# Show Empty Folders in Different Colour



## zero (Aug 4, 2006)

Hi Guys,
              Is it possible via some trick or Mod that makes Windows Explorer to show empty folders in a different colour say 'Green' or anything other than normal yellow???


----------



## siriusb (Aug 4, 2006)

That is an excellent suggesstion but there isn't any 3rd party app to do this yet. You can only manually and individually assign style.

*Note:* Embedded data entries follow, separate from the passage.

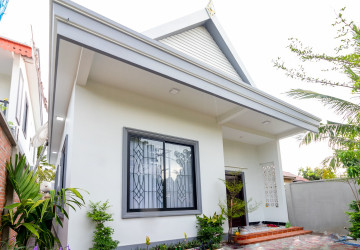 2 Bedroom Villa For Rent - Sala Kamreuk, Siem Reap thumbnail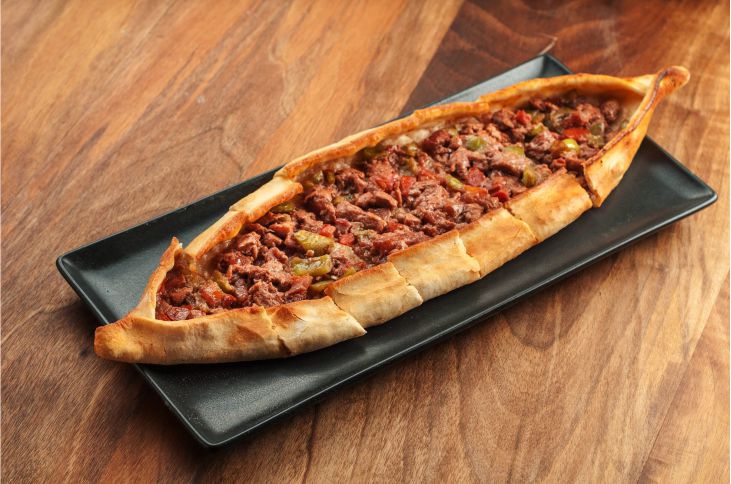 Kuşbaşılı Pide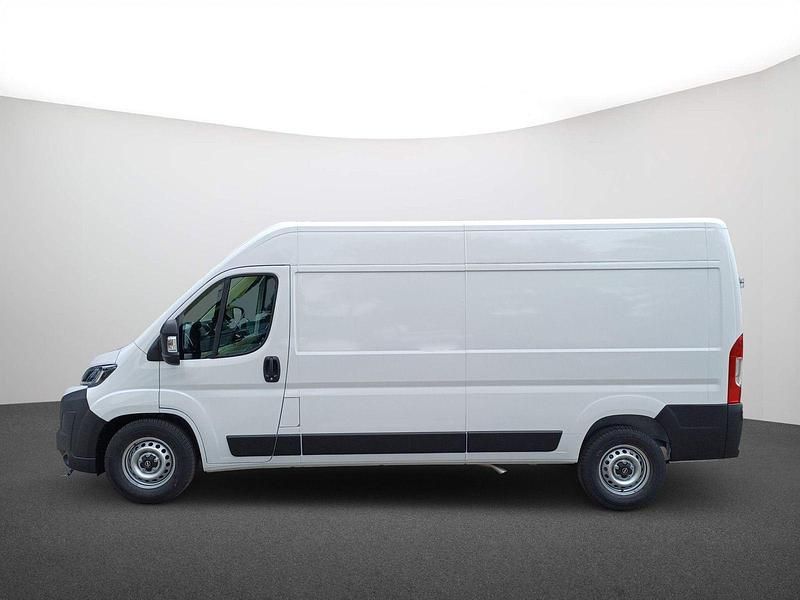 Gebraucht Opel Movano 140 PS (102 kW) 2025 Cassablanca weiss Van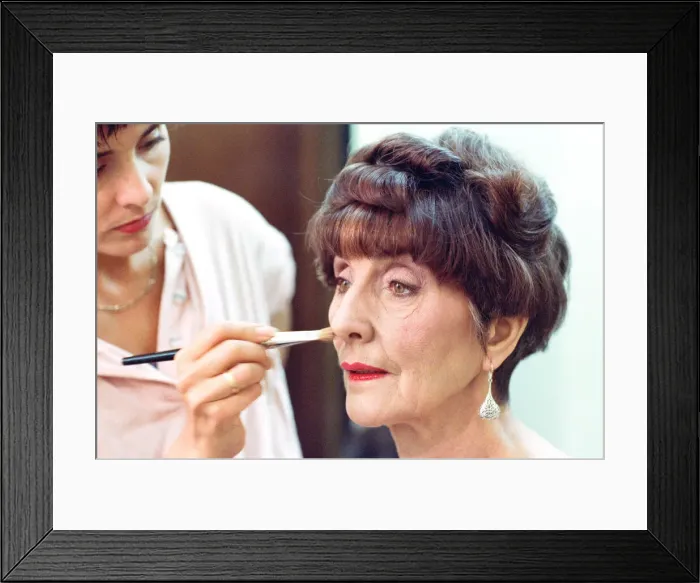 Framed Print : Eastenders star June Brown (Dot Cotton). 16th July 1993 Framed Print : Eastenders star June Brown (Dot Cotton). 16th July 1993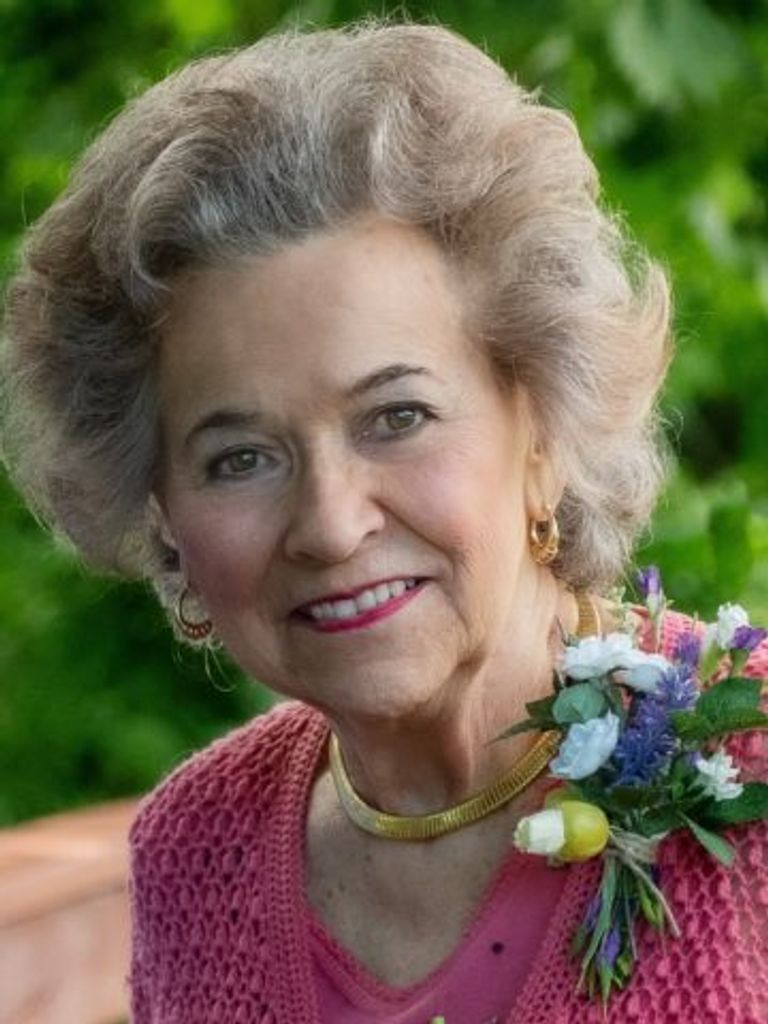 Linda Fields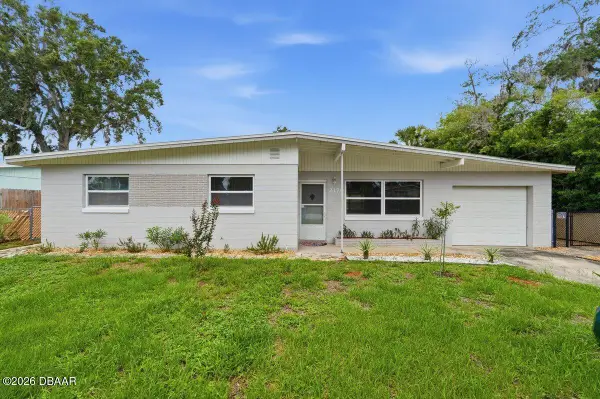 2170 Robinhood Trail, South Daytona, FL 32119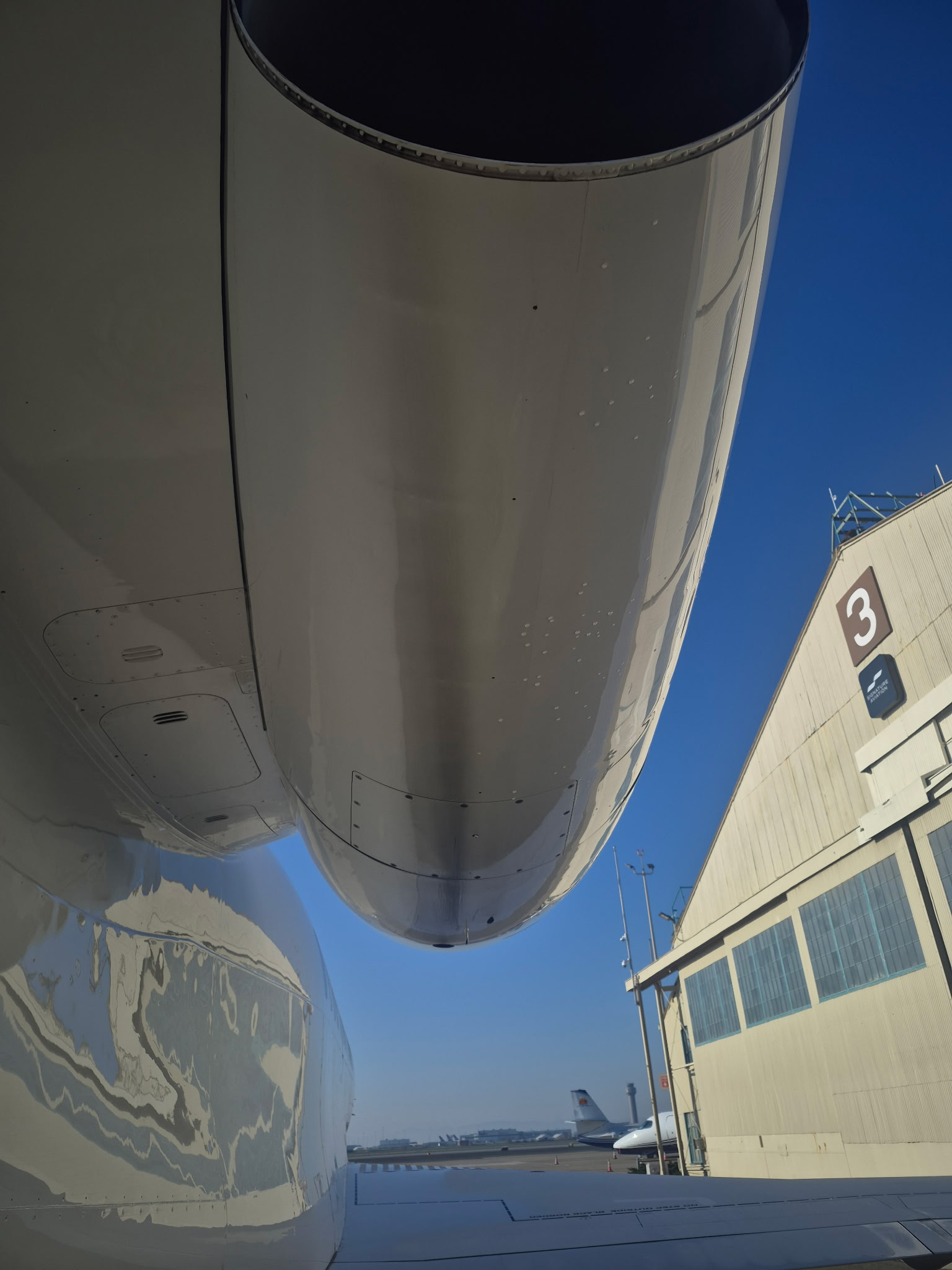 Bombardier Challenger 600 engine nacelle exterior cleaning Chicago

Or is there?


----------



## JGuru (Aug 5, 2006)

You have to code in C++ using Windows API. That way check for all the folders, and
 apply the different color to the folders that are empty!!


----------



## ayush_chh (Aug 5, 2006)

i only know to assign colors to folders using VISTA tranformation pack...


----------



## Third Eye (Aug 5, 2006)

try this software.

*www.freedownloadscenter.com/Multimedia_and_Graphics/Graphical_Text_Tools/Colour_Maker.html


----------



## Venom (Aug 5, 2006)

Isnt it already easy, just point your cusor and it says empty folder...



			
				ayush_chh said:
			
		

> i only know to assign colors to folders using VISTA tranformation pack...


That software is called iColor, google it and you'll get it :]


----------



## zero (Aug 6, 2006)

*icolorfolder*

As suggested by Venom got this on googling but yet to try

   *icolorfolder.sourceforge.net/download_icolorfolder_page.htm


----------



## ayush_chh (Aug 6, 2006)

thankz VENOM. will google it.....


----------